Woolfolk v. Driver

41 S.E.2d 463, 186 Va. 174, 1947 Va. LEXIS 139
CourtSupreme Court of Virginia
DecidedMarch 3, 1947
DocketRecord No. 3152
StatusPublished
Cited by4 cases

This text of 41 S.E.2d 463 (Woolfolk v. Driver) is published on Counsel Stack Legal Research, covering Supreme Court of Virginia primary law. Counsel Stack provides free access to over 12 million legal documents including statutes, case law, regulations, and constitutions.

Bluebook
Woolfolk v. Driver, 41 S.E.2d 463, 186 Va. 174, 1947 Va. LEXIS 139 (Va. 1947).

Opinion

Holt, C. J.,

delivered the opinion of the court.

The Town of Bowling Green in Caroline county was incorporated by an Act of the Assembly, Extra Session 1902-3-4, chapter 144, p. 132. It is there provided that its property “shall not be subject to any county tax,” unless authorized by a majority of its inhabitants qualified to vote. This Act was approved April 10, 1903.

The charter of the Town of Port Royal in that county contains no such exemption.

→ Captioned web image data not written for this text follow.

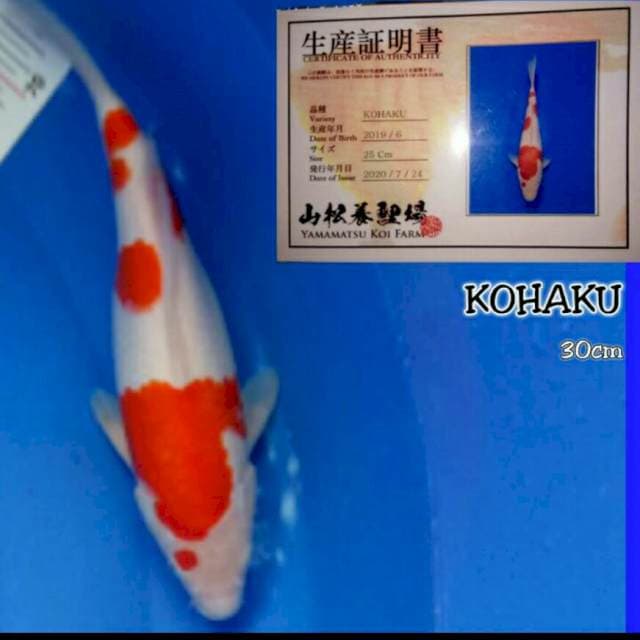 Kokaku 35cm. Farm Yamamatsu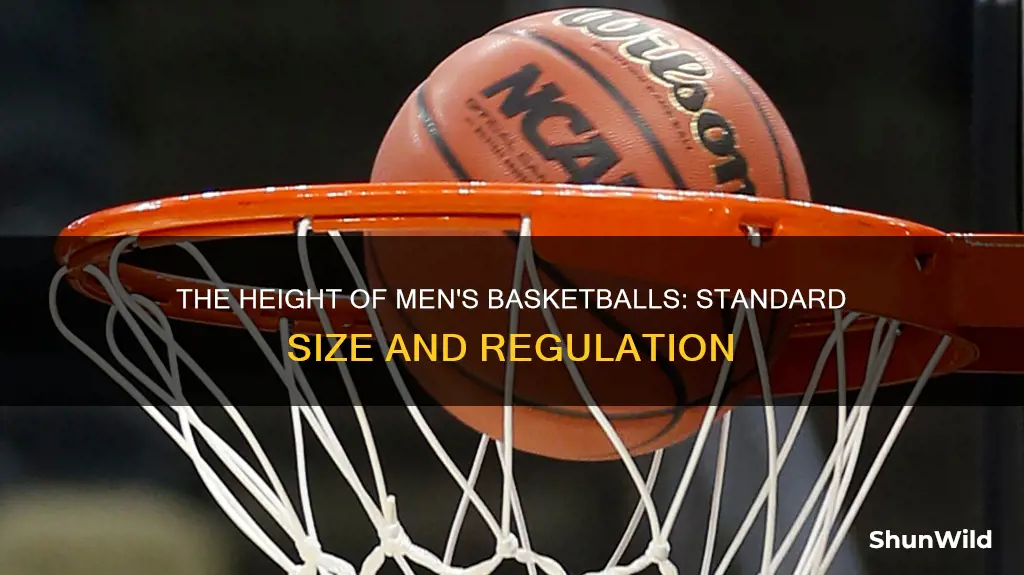 how tall is a mens sized basketball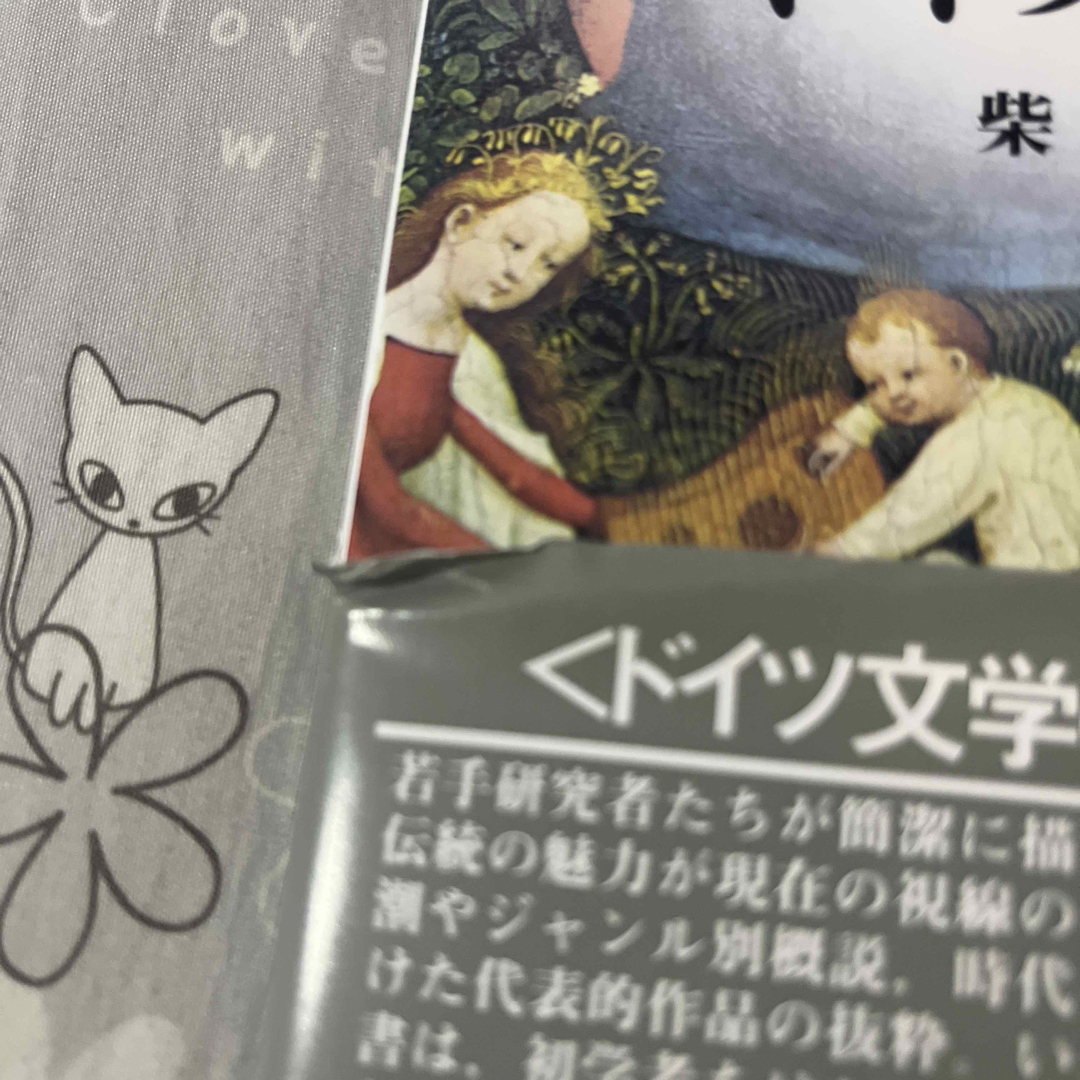 はじめて学ぶドイツ文学史 エンタメ/ホビーの本(文学/小説)の商品写真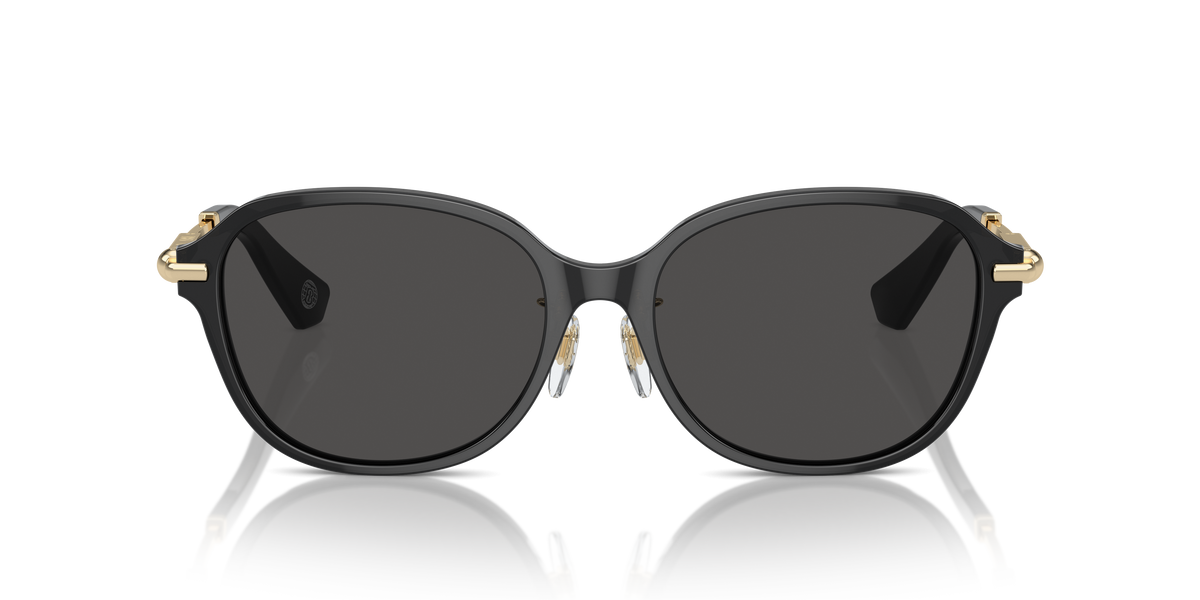 Burberry BE4429D Sunglasses in 411287 Dark Grey / Dark Grey lens, front view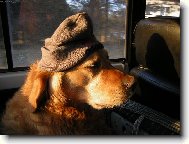 Nesn��m rann� �ichty!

The Board of Supervisors of said county under authority conferred by section 288 of the: Tax Code entered this order: ^

“It is ordered that for the payment of county levy for the year ending June 30, 1946, that there be collected a county levy for general purposes of twenty-five cents on [176]*176each one hundred dollars value of all real estate and tangible personal property, including stocks of merchandise, (except in the towns of Bowling Green and Port Royal) to be collected and paid out by the Treasurer for county purposes, on warrants or checks drawn by the clerk of this board, signed by the chairman and countersigned by the clerk of this board and it is ordered that the Commissioner of the Revenue enter upon his books a levy of one dollar on each one hundred dollars value of all real estate and tangible personal property, including stocks of merchandise for school purposes.”

At that time section 168 of our Constitution was in effect, and still is. It reads:

“Sec. 168. Taxable property; taxes shall be uniform as to class of subjects and levied and collected under general laws.—All property, except as hereinafter provided, shall be taxed; all taxes, whether State, local or municipal, shall be uniform upon the same class of subjects within the territorial limits of the authority levying the tax, and shall be levied and collected under general law.”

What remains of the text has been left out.